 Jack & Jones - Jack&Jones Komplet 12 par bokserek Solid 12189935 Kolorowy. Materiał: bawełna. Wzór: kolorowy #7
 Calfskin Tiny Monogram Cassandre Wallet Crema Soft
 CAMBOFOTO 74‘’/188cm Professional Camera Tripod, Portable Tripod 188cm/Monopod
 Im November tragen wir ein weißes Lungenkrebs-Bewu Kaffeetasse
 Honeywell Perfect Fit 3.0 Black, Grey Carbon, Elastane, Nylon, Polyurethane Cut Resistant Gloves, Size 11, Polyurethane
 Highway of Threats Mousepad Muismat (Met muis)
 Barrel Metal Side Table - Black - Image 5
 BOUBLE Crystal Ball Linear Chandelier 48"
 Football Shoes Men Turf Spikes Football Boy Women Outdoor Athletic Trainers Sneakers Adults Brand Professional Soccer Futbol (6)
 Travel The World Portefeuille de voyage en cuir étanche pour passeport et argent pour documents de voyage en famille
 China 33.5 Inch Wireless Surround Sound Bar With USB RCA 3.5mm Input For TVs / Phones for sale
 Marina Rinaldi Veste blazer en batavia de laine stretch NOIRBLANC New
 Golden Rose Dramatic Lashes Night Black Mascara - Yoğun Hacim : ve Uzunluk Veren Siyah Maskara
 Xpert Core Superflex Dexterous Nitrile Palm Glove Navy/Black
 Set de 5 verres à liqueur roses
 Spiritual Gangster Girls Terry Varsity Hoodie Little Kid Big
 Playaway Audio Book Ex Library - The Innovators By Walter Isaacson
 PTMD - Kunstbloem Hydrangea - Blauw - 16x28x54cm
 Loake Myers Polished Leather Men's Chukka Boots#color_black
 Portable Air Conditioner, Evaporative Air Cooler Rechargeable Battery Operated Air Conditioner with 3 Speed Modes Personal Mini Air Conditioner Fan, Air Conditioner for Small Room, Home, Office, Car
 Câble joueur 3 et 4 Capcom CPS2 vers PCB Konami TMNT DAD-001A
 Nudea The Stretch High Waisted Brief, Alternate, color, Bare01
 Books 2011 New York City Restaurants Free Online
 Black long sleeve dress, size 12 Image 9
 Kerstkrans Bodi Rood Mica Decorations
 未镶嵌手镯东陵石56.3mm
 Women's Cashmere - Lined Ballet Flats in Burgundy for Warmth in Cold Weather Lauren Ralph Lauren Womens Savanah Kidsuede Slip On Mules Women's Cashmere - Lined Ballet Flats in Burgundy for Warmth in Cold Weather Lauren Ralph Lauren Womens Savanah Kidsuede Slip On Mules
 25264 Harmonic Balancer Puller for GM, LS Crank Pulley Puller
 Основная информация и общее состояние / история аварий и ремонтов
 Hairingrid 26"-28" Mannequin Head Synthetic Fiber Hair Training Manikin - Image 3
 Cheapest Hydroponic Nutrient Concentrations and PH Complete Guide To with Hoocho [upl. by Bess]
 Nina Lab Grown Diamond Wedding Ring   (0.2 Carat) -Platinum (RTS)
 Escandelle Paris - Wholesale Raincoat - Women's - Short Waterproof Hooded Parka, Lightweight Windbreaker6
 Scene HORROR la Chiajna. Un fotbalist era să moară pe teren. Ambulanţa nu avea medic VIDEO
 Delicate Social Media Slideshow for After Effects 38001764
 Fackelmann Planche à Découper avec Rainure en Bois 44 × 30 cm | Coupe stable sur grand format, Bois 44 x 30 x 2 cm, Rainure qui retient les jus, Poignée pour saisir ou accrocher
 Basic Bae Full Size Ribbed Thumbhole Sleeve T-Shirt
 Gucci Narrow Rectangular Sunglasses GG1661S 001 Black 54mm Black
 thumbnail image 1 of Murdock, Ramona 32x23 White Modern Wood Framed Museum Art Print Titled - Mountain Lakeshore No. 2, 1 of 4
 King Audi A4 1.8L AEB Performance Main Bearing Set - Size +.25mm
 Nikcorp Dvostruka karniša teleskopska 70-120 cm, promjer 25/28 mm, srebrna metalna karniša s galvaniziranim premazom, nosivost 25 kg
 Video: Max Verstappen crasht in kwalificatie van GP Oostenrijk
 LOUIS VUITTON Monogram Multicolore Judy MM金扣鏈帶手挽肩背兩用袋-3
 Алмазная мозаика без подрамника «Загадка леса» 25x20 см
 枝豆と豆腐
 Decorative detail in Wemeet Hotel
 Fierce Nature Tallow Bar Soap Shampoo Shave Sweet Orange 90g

PROBLEM TO WORK ON →
For this exercise, repeat exactly the lines of the data above from the one with "PTMD - Kunstbloem" down to the one with "Loake Myers Polished", both end lines included.

EXERCISE RESULT →
 PTMD - Kunstbloem Hydrangea - Blauw - 16x28x54cm
 Loake Myers Polished Leather Men's Chukka Boots#color_black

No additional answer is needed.